Personal information
- Born: 6 March 1995 (age 31) Palpa, Nepal
- Batting: Left-handed
- Bowling: Slow left arm orthodox
- Role: Bowler

International information
- National side: Nepal;
- ODI debut (cap 20): 5 February 2020 v Oman
- Last ODI: 11 June 2022 v USA
- T20I debut (cap 29): 28 September 2019 v Singapore
- Last T20I: 22 April 2021 v Malaysia

Medal record
Representing Nepal
Men's Cricket
South Asian Games
| Bronze medal – third place | 2019 Kathmandu/Pokhara | Team |
- Source: Cricinfo, 11 June 2022

= Sushan Bhari =

Nepalese cricketer

Sushan Bhari (born 6 March 1995) is a Nepalese cricketer. He made his List A debut against Hong Kong in the 2015–17 ICC World Cricket League Championship on 13 October 2017. In September 2019, he was named in Nepal's Twenty20 International (T20I) squads for their tours to Singapore and Oman. He made his T20I debut against Singapore, in the Singapore Tri-Nation Series on 28 September 2019.

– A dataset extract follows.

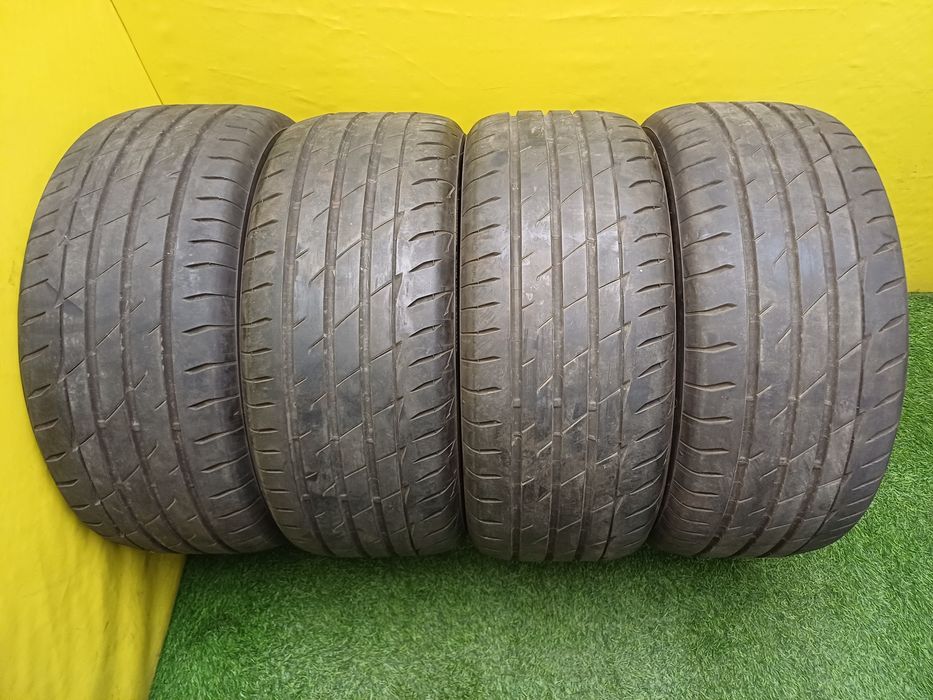 Шины 255/45 R18 Bridgestone комплект.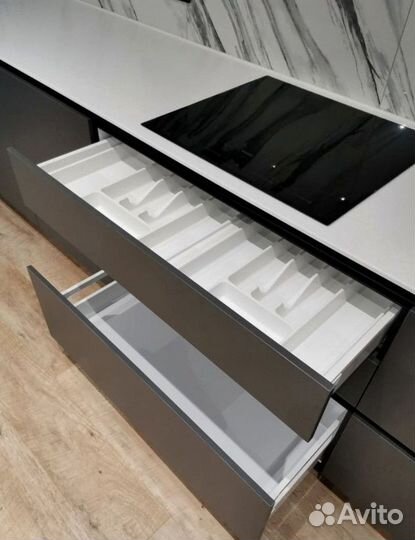 Кухонный гарнитур угловой в Ялте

In November 2019, he was named in Nepal's squad for the 2019 ACC Emerging Teams Asia Cup in Bangladesh. Later the same month, he was also named in Nepal's squad for the men's cricket tournament at the 2019 South Asian Games. The Nepal team won the bronze medal, after they beat the Maldives by five wickets in the third-place playoff match.

In January 2020, he was named in Nepal's One Day International (ODI) squad for the 2020 Nepal Tri-Nation Series. He made his ODI debut for Nepal, against Oman, on 5 February 2020. In September 2020, he was one of eighteen cricketers to be awarded with a central contract by the Cricket Association of Nepal.